To install ESXi on a USB drive simply plug the drive into your host, put the installation media (CD) in the drive and reboot the server. The install will start and you can select the USB drive as the installation path, the installer will format and partition the drive for you.
I used a Kingston 4GB drive because I read DELL was actually shipping these with their pre-configured ESX servers, no issues with these USB drives. I was able to free up 2 640GB hard drives from my ESX hosts that were only being used to hold the small ESXi footprint.
You will have to modify your BIOS setting (Boot Order) to ensure that USB - HDD is your first boot device, I changed my Gigabyte motherboard setting to USB-HDD, CDROM, Harddrive and it works great.
Apparently you don't even need any drives in your ESX host(s) now with ESXi 5 you can install Auto Deploy on your VCenter machine and pxe boot your hosts but I like the idea of having these portable USB drives for my installation.
I'm still curious when ESXi actually commits configuration changes to the USB device because I have tried switching the USB drive from one host to another. The issue I came across was switching the USB drive, booting up a host, changing the configuration options and then shutting down. When I tried booting up again it seemed that none of the new configuration options were persisted to the USB drive.

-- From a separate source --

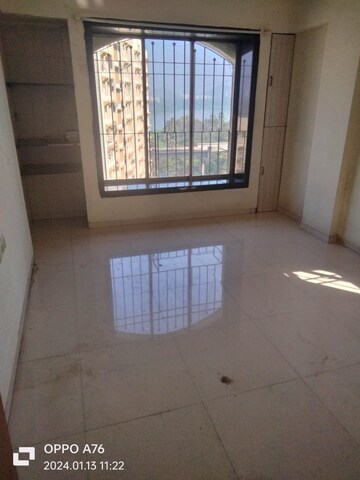 Room in 2 BHK Apartment at Crystal Palace Powai, Powai – for Rent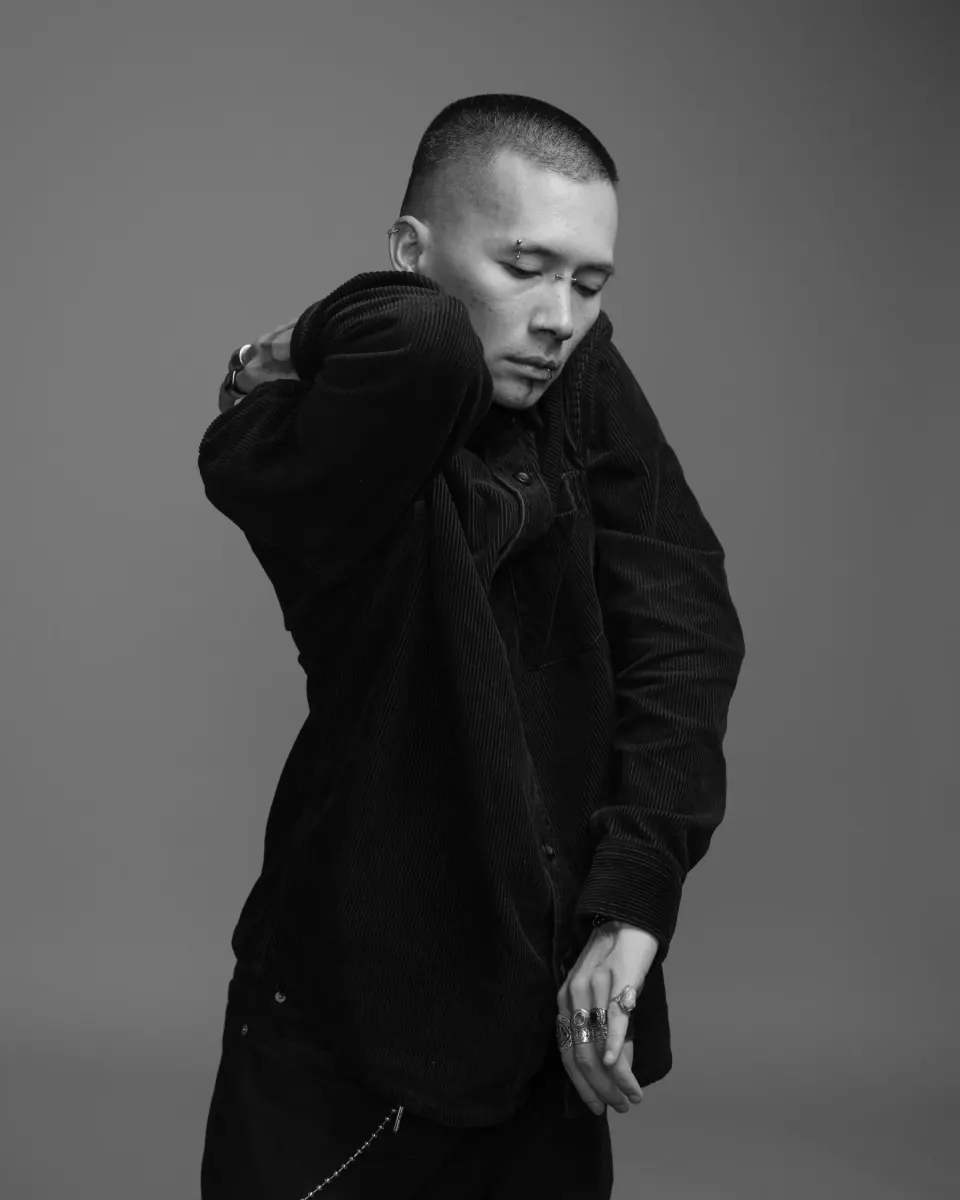 Tú Hoàng in a quiet moment, photographed in black and white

I'll do more testing to try and resolve this but so far I'm real happy with these devices. I have noticed that after ESXi installs on the device, my Windows 7 box will not recognize the drive when I plug it in, I just wanted to format and start over but no luck. What worked for me was plugging the device into my Synology DS1010 NAS and choosing external devices and format. I noticed that there were at least three separate partitions created by ESXi.